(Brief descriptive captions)
......

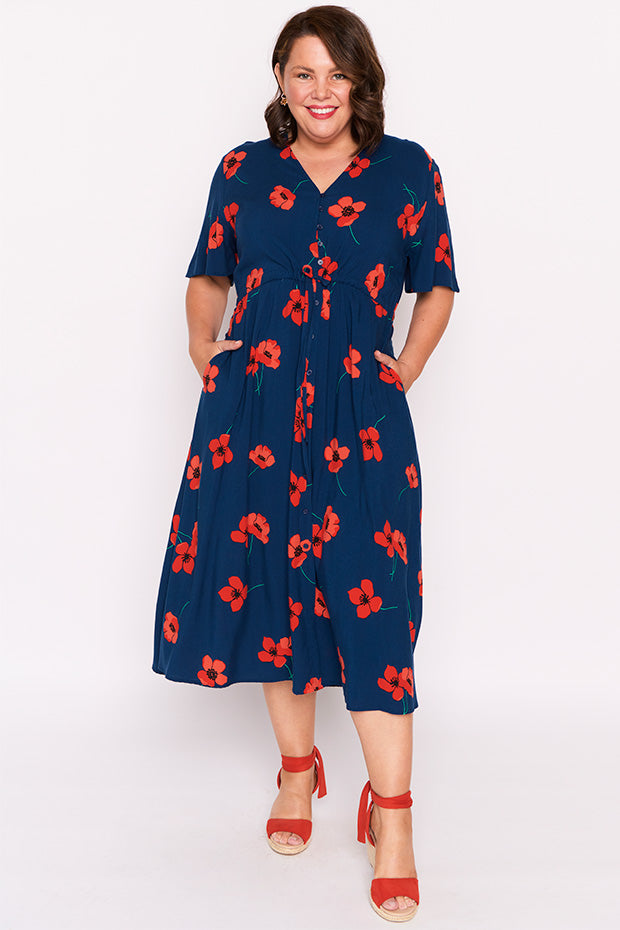 Michelle Red Poppy Fields Dress – Red Poppy Fields midi dress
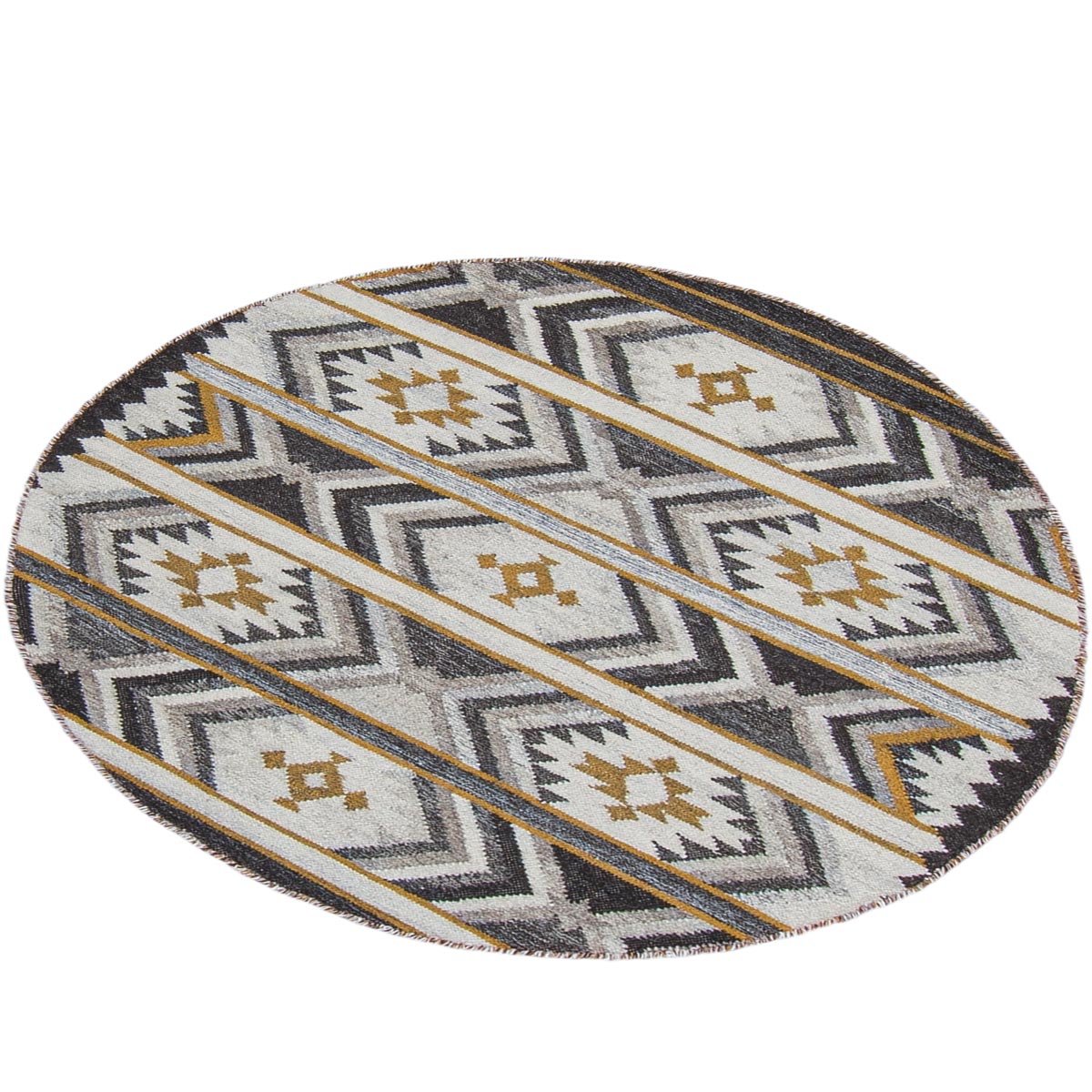 שטיח קילים סקנדינבי 15 אפור/צהוב עגול | השטיח האדום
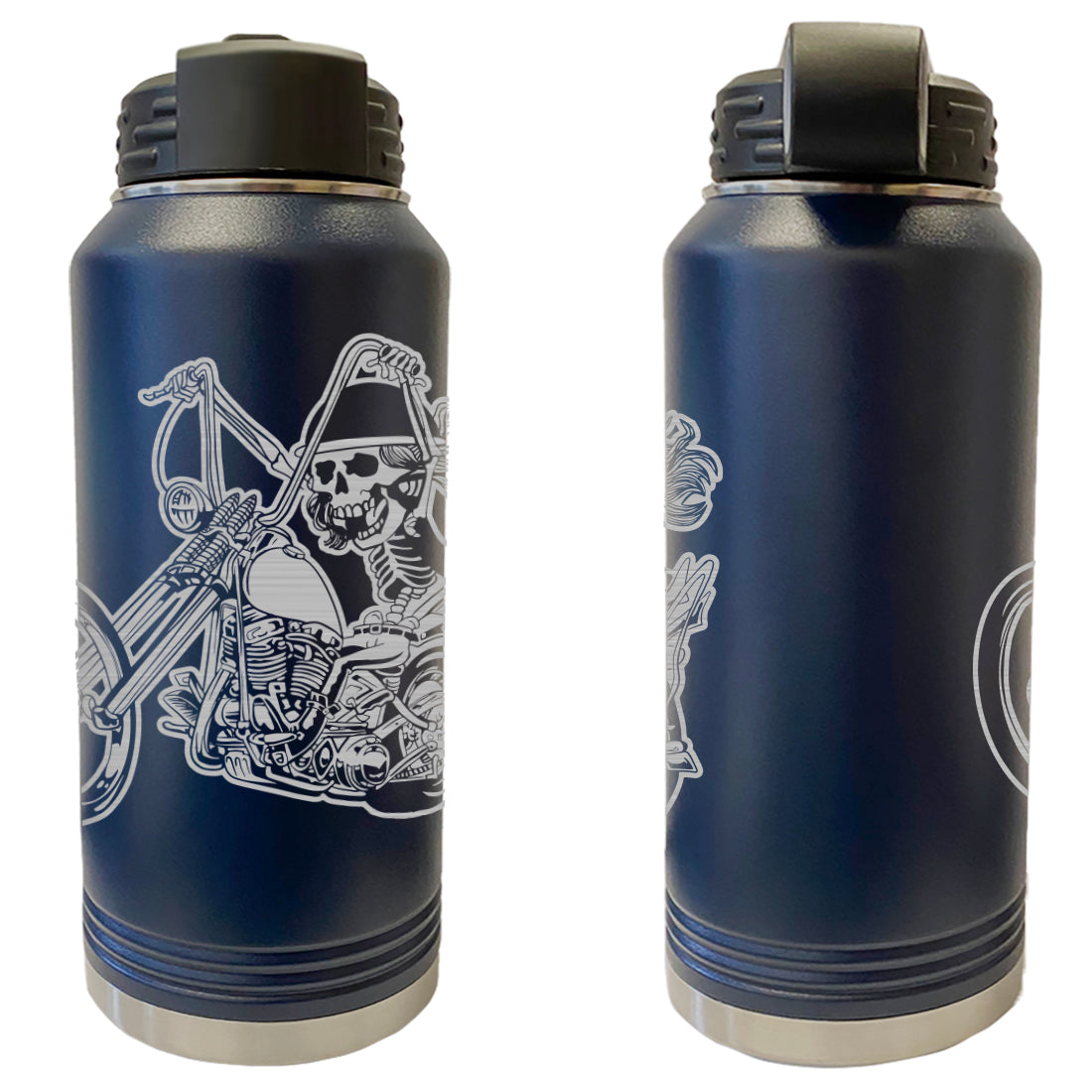 Bad To The Bone Laser Engraved Vacuum Sealed Water Bottles 32oz Water Bottles LEWB.0158.N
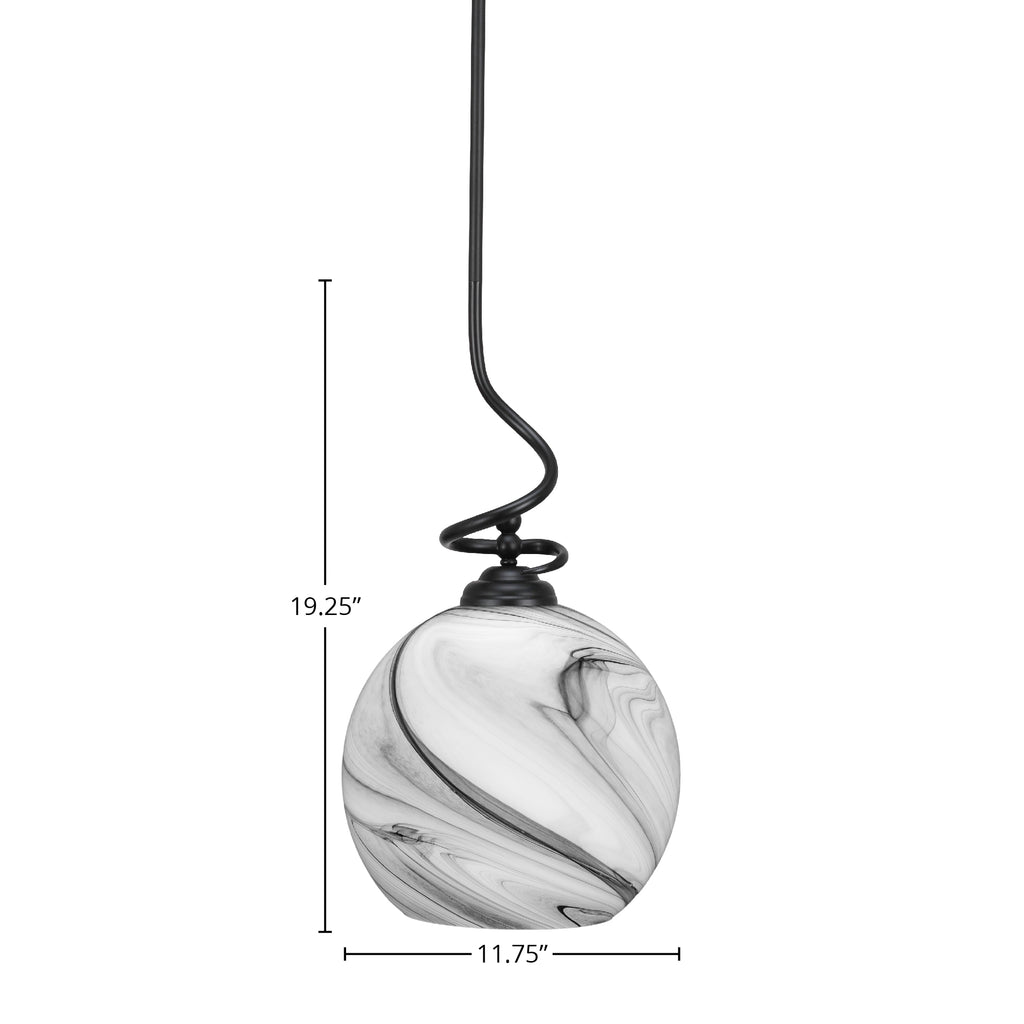 Capri One Light Pendant in Matte Black with 11.75" Onyx Swirl Shade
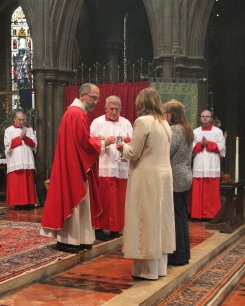 Fr Nicholas Receives the Bread, Wine and Water from Monica Lee and Maggie Tucker on St Alban's Day 2015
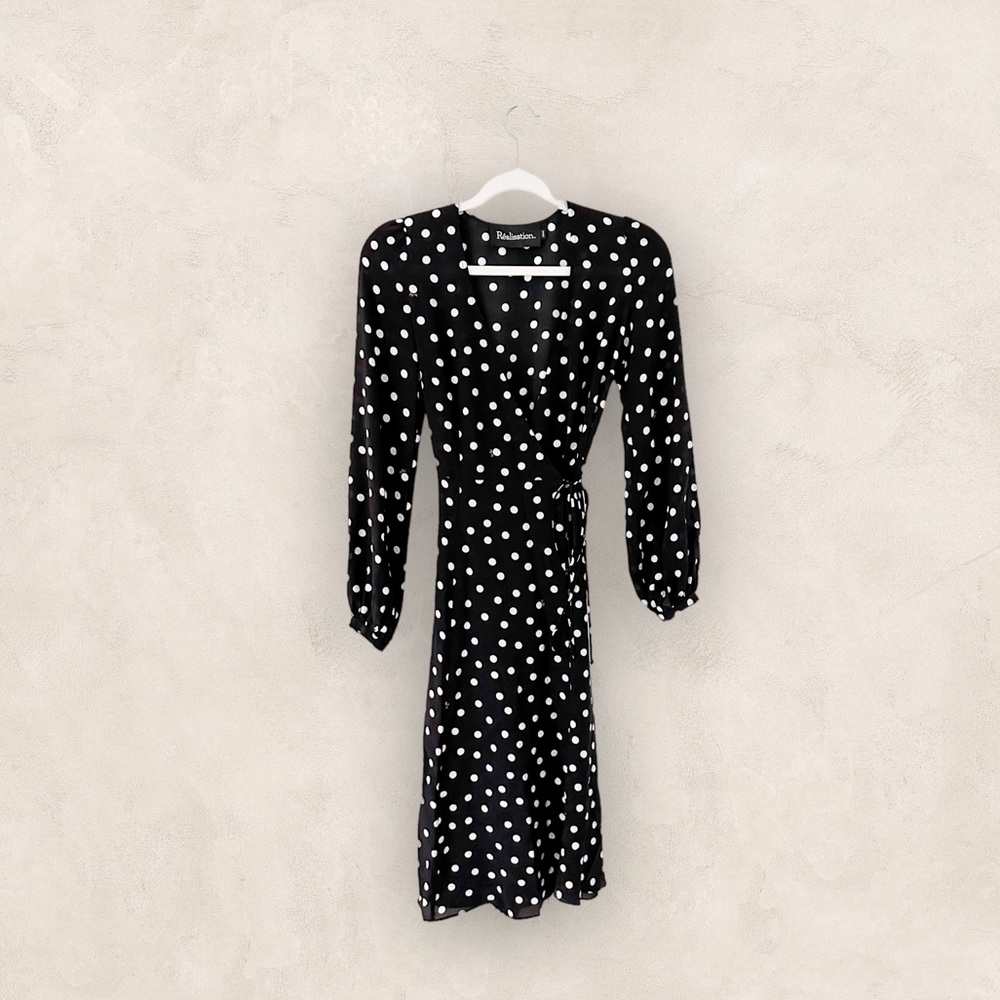Realisation Par Black Polka Dot Midi Dress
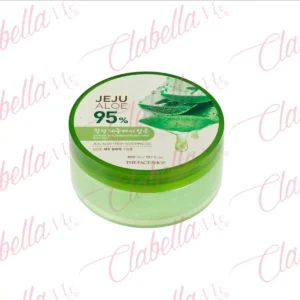 Gel hidratante y calmante formulado con un 95% de extracto de hoja de aloe vera para calmar la piel irritada por el sol, hidratar el rostro y cuerpo, o utilizarse como mascarilla facial 300ml, por pieza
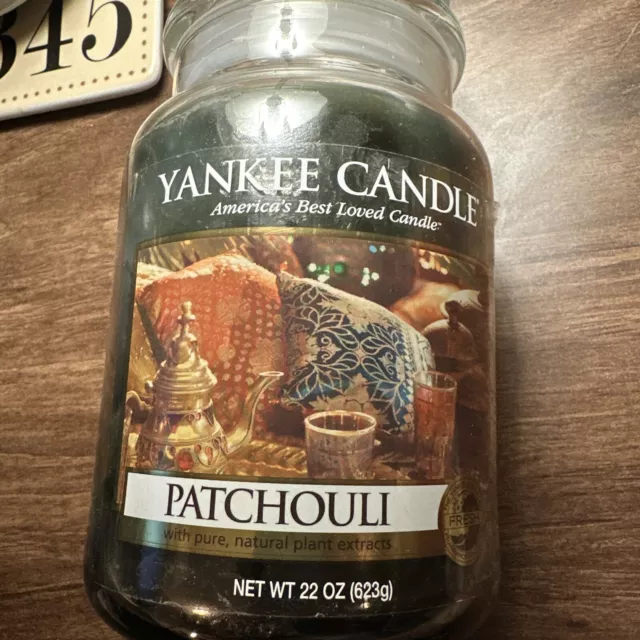 Yankee Candle Retired PATCHOULI Fresh ~Large 22 oz. ~ WHITE LABEL~ RARE ~  NEW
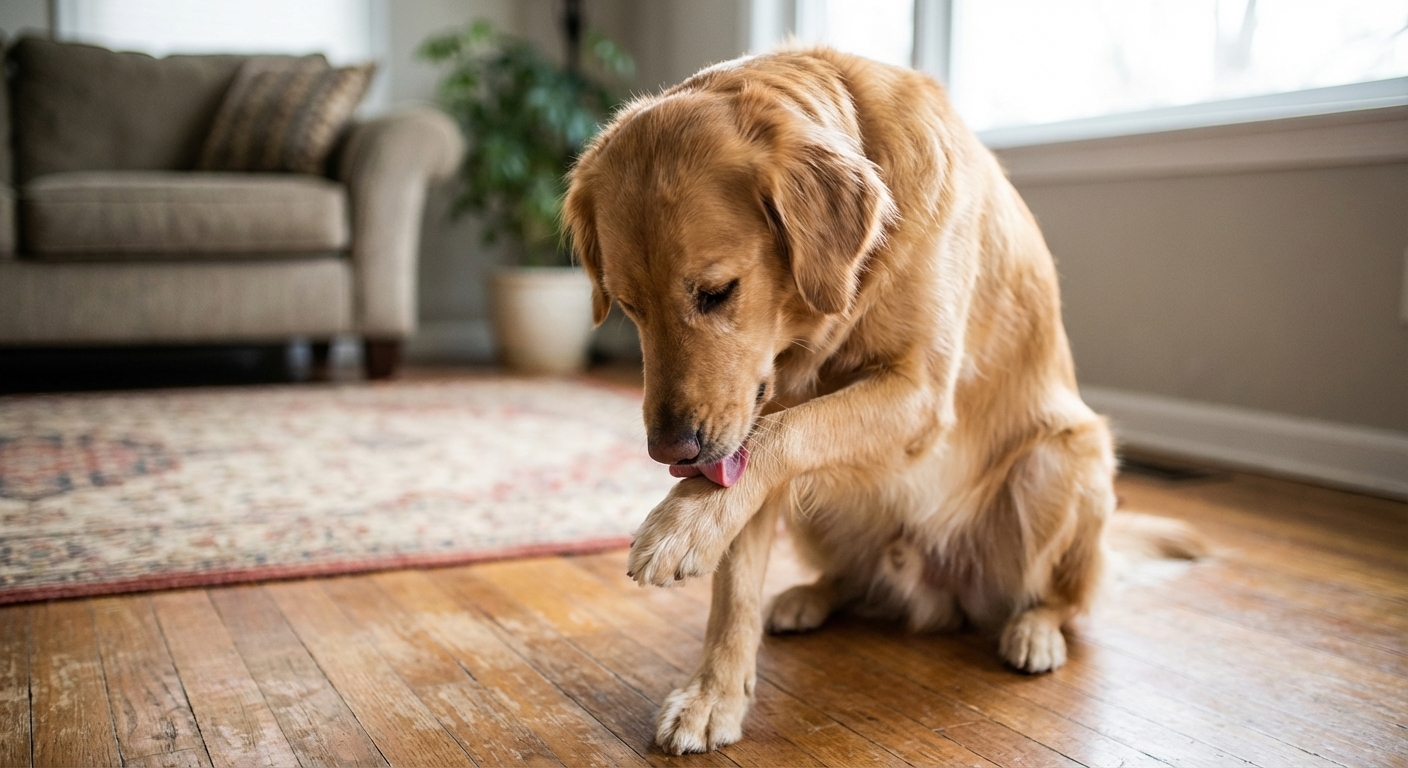 A real photograph of a medium-sized dog indoors gently licking the lower front leg near the wrist area, shallow depth of field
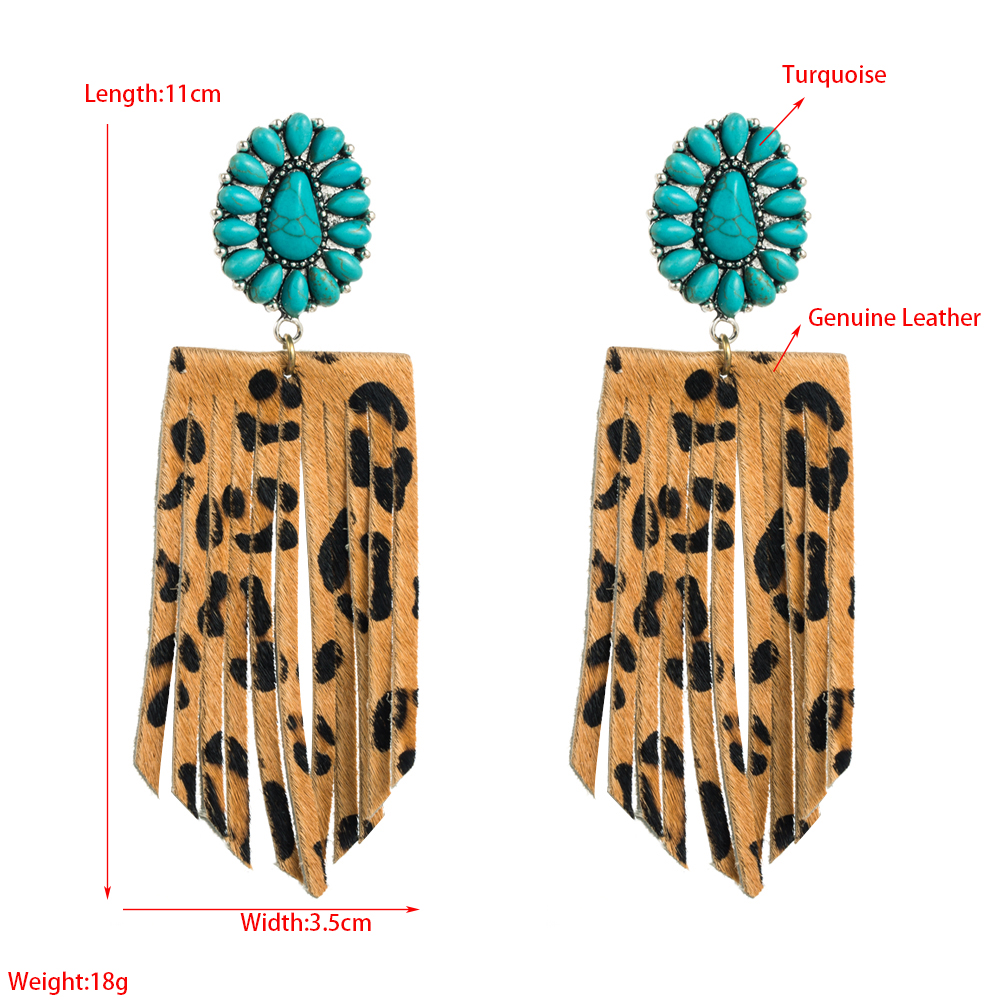 1 Pair Elegant Retro Leopard Inlay Pu Leather Alloy Turquoise Drop Earrings display picture 1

......

> _Work required_
Please copy out the entries above exactly as they appear, but skip their images.

> _Answer area_
 Michelle Red Poppy Fields Dress – Red Poppy Fields midi dress
 שטיח קילים סקנדינבי 15 אפור/צהוב עגול | השטיח האדום
 Bad To The Bone Laser Engraved Vacuum Sealed Water Bottles 32oz Water Bottles LEWB.0158.N
 Capri One Light Pendant in Matte Black with 11.75" Onyx Swirl Shade
 Fr Nicholas Receives the Bread, Wine and Water from Monica Lee and Maggie Tucker on St Alban's Day 2015
Realisation Par Black Polka Dot Midi Dress
 Gel hidratante y calmante formulado con un 95% de extracto de hoja de aloe vera para calmar la piel irritada por el sol, hidratar el rostro y cuerpo, o utilizarse como mascarilla facial 300ml, por pieza
 Yankee Candle Retired PATCHOULI Fresh ~Large 22 oz. ~ WHITE LABEL~ RARE ~  NEW
 A real photograph of a medium-sized dog indoors gently licking the lower front leg near the wrist area, shallow depth of field
 1 Pair Elegant Retro Leopard Inlay Pu Leather Alloy Turquoise Drop Earrings display picture 1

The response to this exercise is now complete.